Mark, are Green's (semigroup) relations any help in determining conjugacy or notions similar to conjugacy? Gerhard "Ask Someone Else About Semigroups" Paseman, 2011.03.05 –  Gerhard Paseman Mar 6 '11 at 6:27
    
@Gerhard: Green relations are relevant but a connection is not direct. Certainly two conjugate elements must be in the same $D$-class but the converse is not true (as the example of an Abelian group shows). Still sometimes conjugacy classes can be described by looking at the conjugacy classes of the maximal subgroups and on the structure of Green relations. For example, I believe it is so for the Brandt semigroup and completely 0-simple semigroups in general. –  Mark Sapir Mar 6 '11 at 19:42
    
Actually I am not completely certain that conjugate elements in an inverse semigroup are $D$-related. They are clearly $J$-related. –  Mark Sapir Mar 6 '11 at 20:14

As so often happens when you generalize from groups to monoids, it gets more complicated.
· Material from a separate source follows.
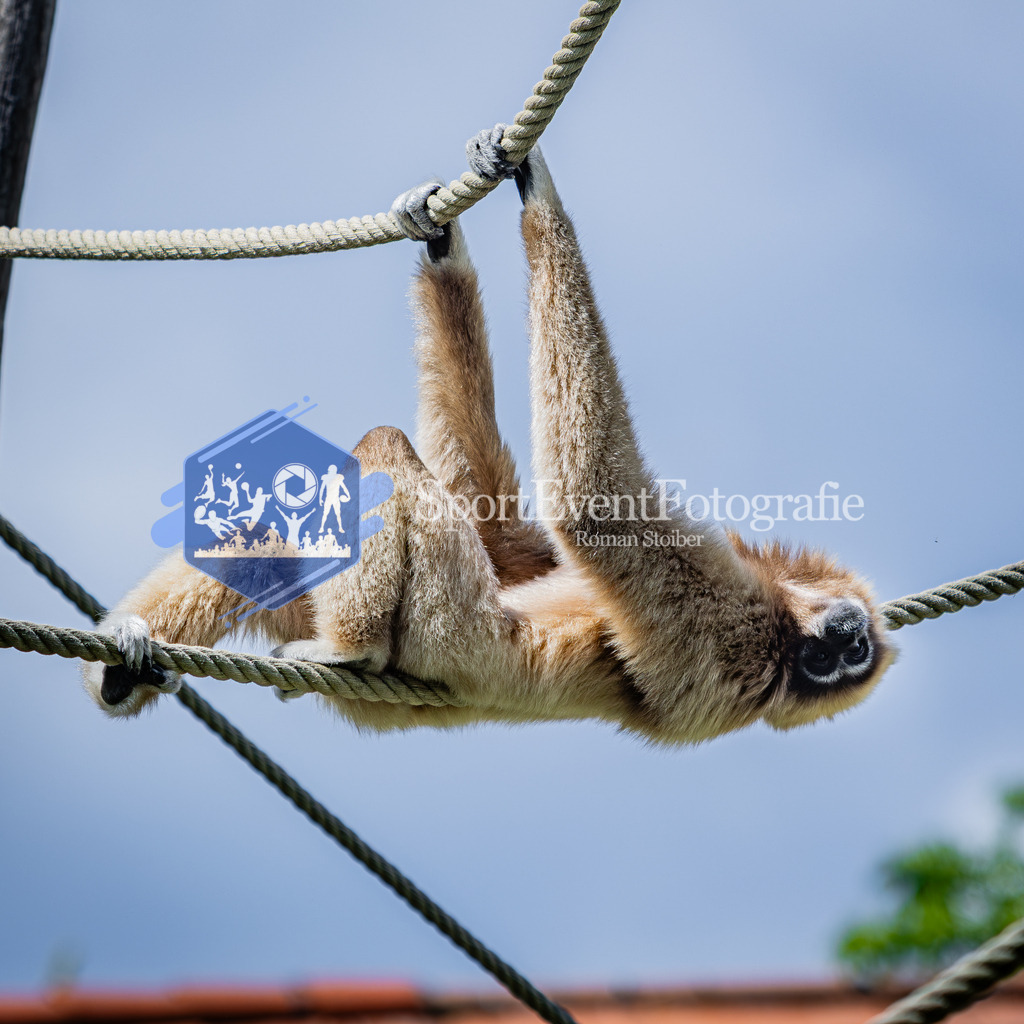 IMG_6696 | SportEventFotografie - Roman Stoiber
Conjugacy is, of course, an equivalence relation on any group X. Two elements x, y are conjugate if and only if there exists g in X with gx = yg. This last equation makes sense in a monoid, but does not define an equivalence relation: it's not symmetric.
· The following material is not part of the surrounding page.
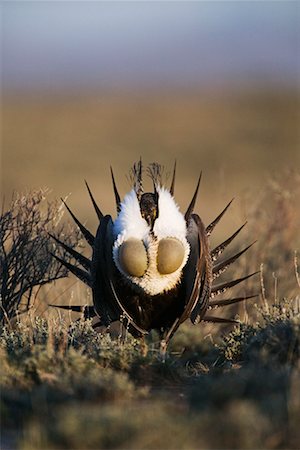 Sage Grouse Foto de stock - Con derechos protegidos, Código: 700-00350382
Here's one way to think about it. With every monoid X there is associated a category C(X). The objects of C(X) are the elements of X, and a map x --> y in C(X) is an element g of X such that gx = yg. Composition is defined in the obvious way. When X is a group, C(X) is a groupoid (i.e. a category in which every map is invertible).

Now, in a category there are at least two natural equivalence relations on the collection of objects: isomorphism, and being in the same connected-component. When the category is a groupoid, these are the same.
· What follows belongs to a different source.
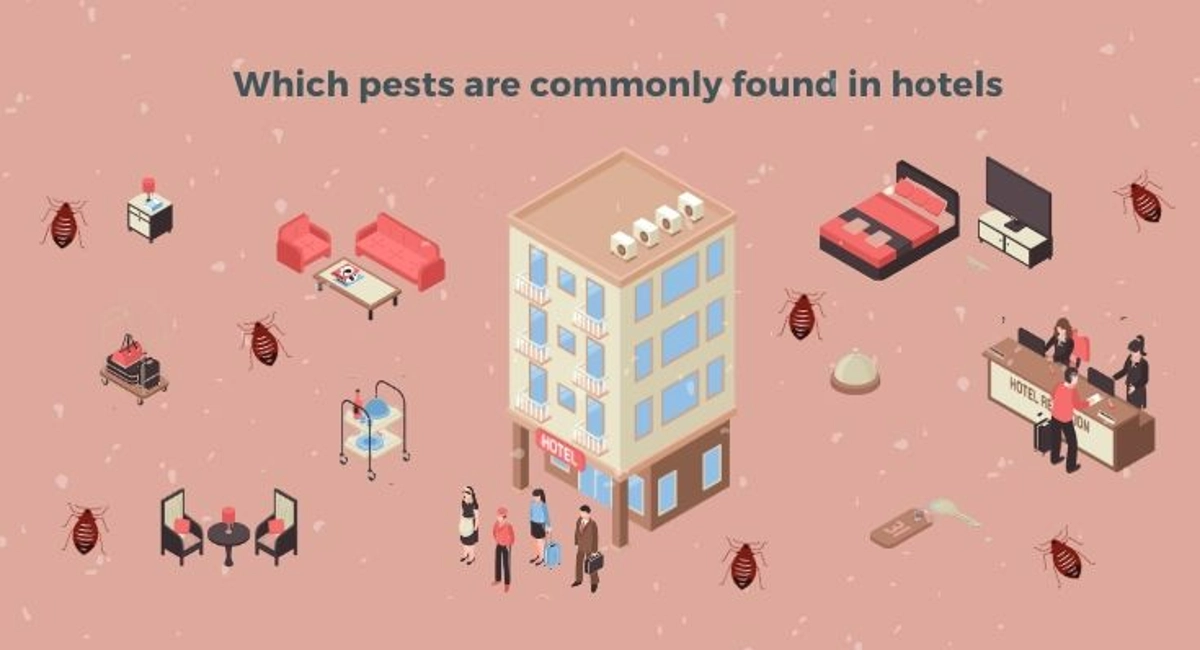 Debugged Blog Dealing With Pests In Hotel Commonly Found Pests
Apply this observation to C(X), where X is your monoid. It tells us that there are two natural equivalence relations on the elements of X:

  • "isomorphism", which identifies x and y when there exists an invertible g with gx = yg
  • "being in the same connected component", which is the equivalence relation generated by identifying x and y whenever there exists a (not necessarily invertible) g with gx = yg.

When X is a group, these two equivalence relations are the same thing---conjugacy.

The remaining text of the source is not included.